I understand the critiques of pie charts as referenced here: Problems with pie charts

However, the above response (and the R manual) always cite dot plots from Cleveland as an alternative. My question is why are dot plots considered an alternative? It seems to be that dot plots only apply when:

1. the data set is relatively small (so that you can perhaps even by eye count dots in the plot, each dot corresponding to a data point, and

2. they are not intended to display percentages / density estimates of data.

It seems to me like the main goal of the pie chart is (even if it does so badly) to highlight the fact that the categories must sum to 1 or 100%. with the dot plots you can show the cardinal value of each category, but it will not be obvious what fraction of all the categories a particular value is. Also, with a pie chart it doesn't matter if you have 10 data points or 1,000,000, where as a dot plot with a million points (even if the number of categories is small) seems odd and might just collapse to a bar graph.

Could someone explain why dots plots are seen as an alternative and maybe provide a few examples of dot plots to other quantitative alternatives to pie charts (like bar plots?)

• There are some nice discussions about this in Andrew Gelman's blog: "Please stop me before I barf again", "Why tables are really much better than graphs", "A data visualization manifesto". – user10525 Aug 15 '12 at 15:25
• See mbq's answer to the question you linked to, you certainly can not effectively display 1 million pie slices in a pie chart and the chart still be intelligible. – Andy W Aug 15 '12 at 15:26
• I agree that dot plots don't substitute for pie charts. They are like bar charts. In my comments about pie charts on another post I mentioned that sometimes they can be useful. I think the main complaint is that the eye cannot discern proportions based on looking at slices especially thin ones. But 90 degree and 45 degree slices are discernable I think. At least in a pie chart you can tell whether a particular category has a slice that is large or small relative to the complete pie. – Michael Chernick Aug 15 '12 at 15:47
• @user248237 Yeah, but the question is too subjective/broad to get a convincing answer in the general case, so I just wanted to point those references. – user10525 Aug 15 '12 at 16:29
• @user248237, that comparison doesn't make sense.

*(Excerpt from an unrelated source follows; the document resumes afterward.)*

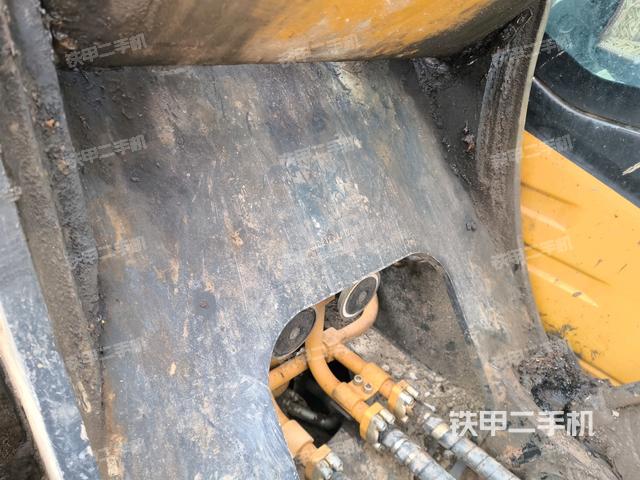 大臂根部?斜視（工作和回轉(zhuǎn)裝置）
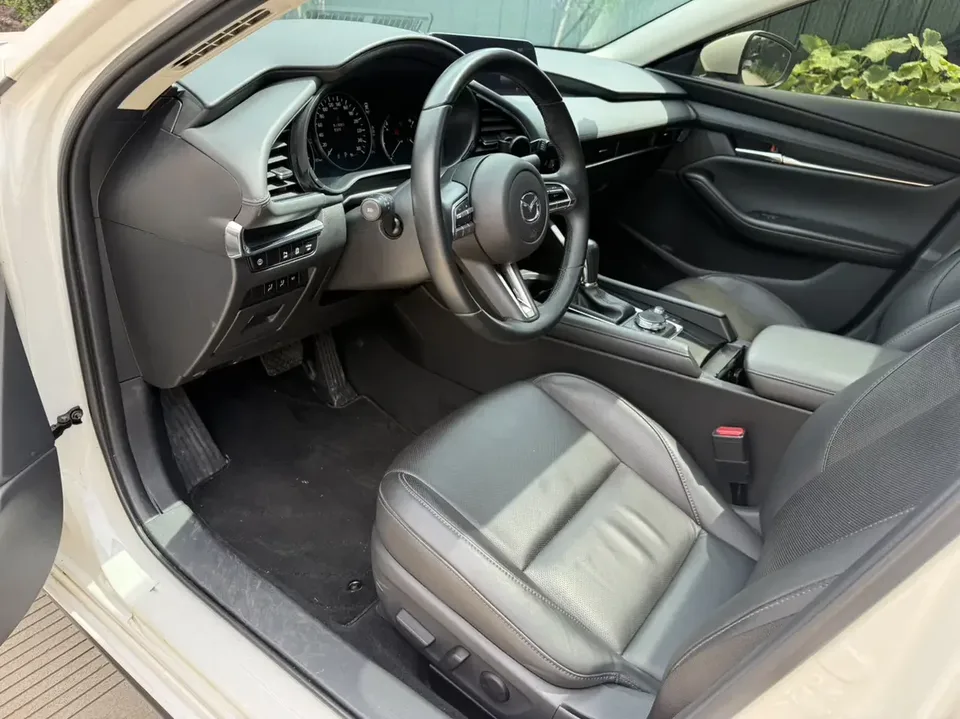 Mazda Axela Mazda3 Angkesela 2023 2.0L Automatic Premium Edition 2024 — thumbnail 3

If you summarize the information in a pie chart you can summarize that same information into a dot plot or a bar chart (what we are talking about here is the number of pie slices or bars in a bar chart, not the number of disaggregated items used to make the chart). I would suggest to read Cleveland's work, as it should illuminate how human perception is better at identifying points along a common axis, as opposed to identifying the angles within slices in a pie chart. – Andy W Aug 15 '12 at 16:35

There are two different types of chart that that are referred to as 'dotplots' and I think that you are getting the two confused. The type of dotplot that it looks like you are thinking about is really a variation on a histogram and does not convey the same type of information that a pie chart would.

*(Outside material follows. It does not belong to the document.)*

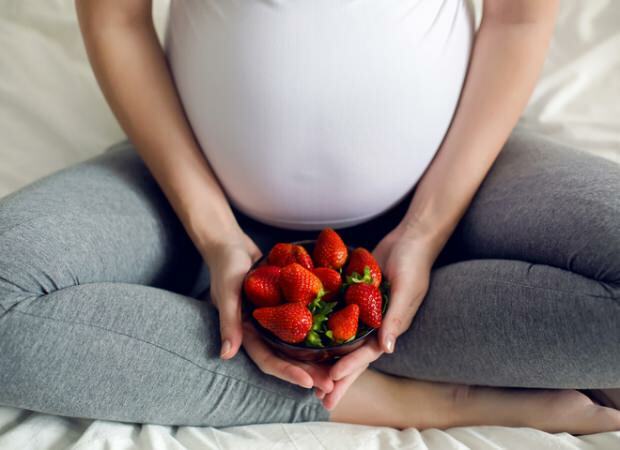 Есть ли клубника во время беременности?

The type of dotplot from Cleveland is essentially a bar chart with a dot placed at the end of each bar, then the bar is removed. So even with millions of data points, they would be tabled the same as for creating a pie chart, then a single dot is plotted for each category. The summary preparing for the plot is the same in a pie chart and a dotplot: the difference is in a pie chart you are trying to compare non-aligned angles or areas (and the temptation to add chartjunk or otherwise distort the perception of the values is much higher) and in the dotplot you are comparing points on an aligned scale.

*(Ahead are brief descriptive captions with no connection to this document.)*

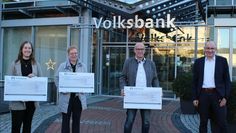 Sascha Ringe von der Volksbank (re.) übergab symbolische Schecks an (v. li.) Lena Tiedemann (Landjugend Oerel), Birgit Martens (Heimatverein Nieder Ochtenhausen), Reiner Brodtmann (Heimat- und Kulturverein Augustendorf)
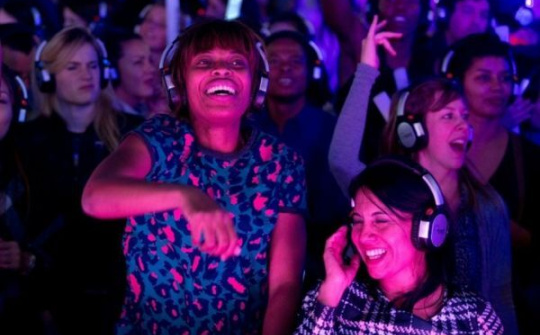 WHO: Sử dụng điện thoại thông minh có hại cho thính giác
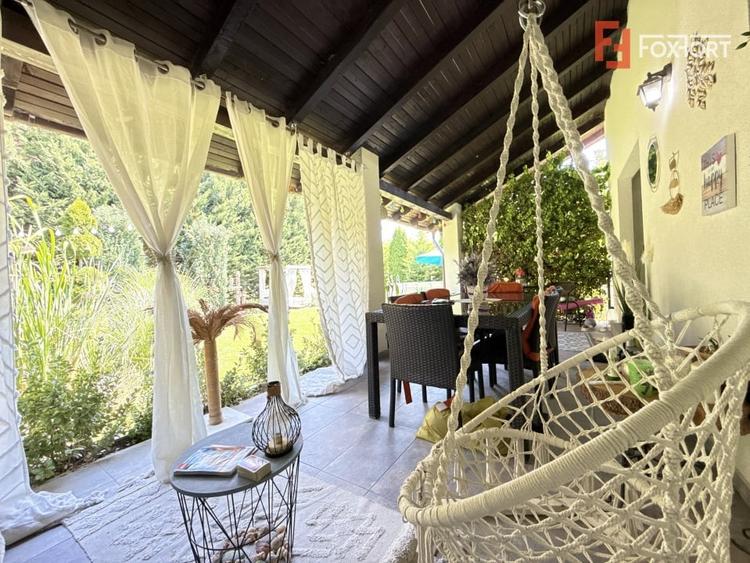Casă individuală cu 5 camere cu Piscina în Giroc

If you want the viewer to be able to easily judge percentage of the whole then just make sure that the axis for the dot positions goes from 0 to the total count. You can also easily add another axis (or replace the main one) that shows the percentage rather than the counts, then the percentage can be read off that axis much more accurately than estimating angles and areas in pie charts.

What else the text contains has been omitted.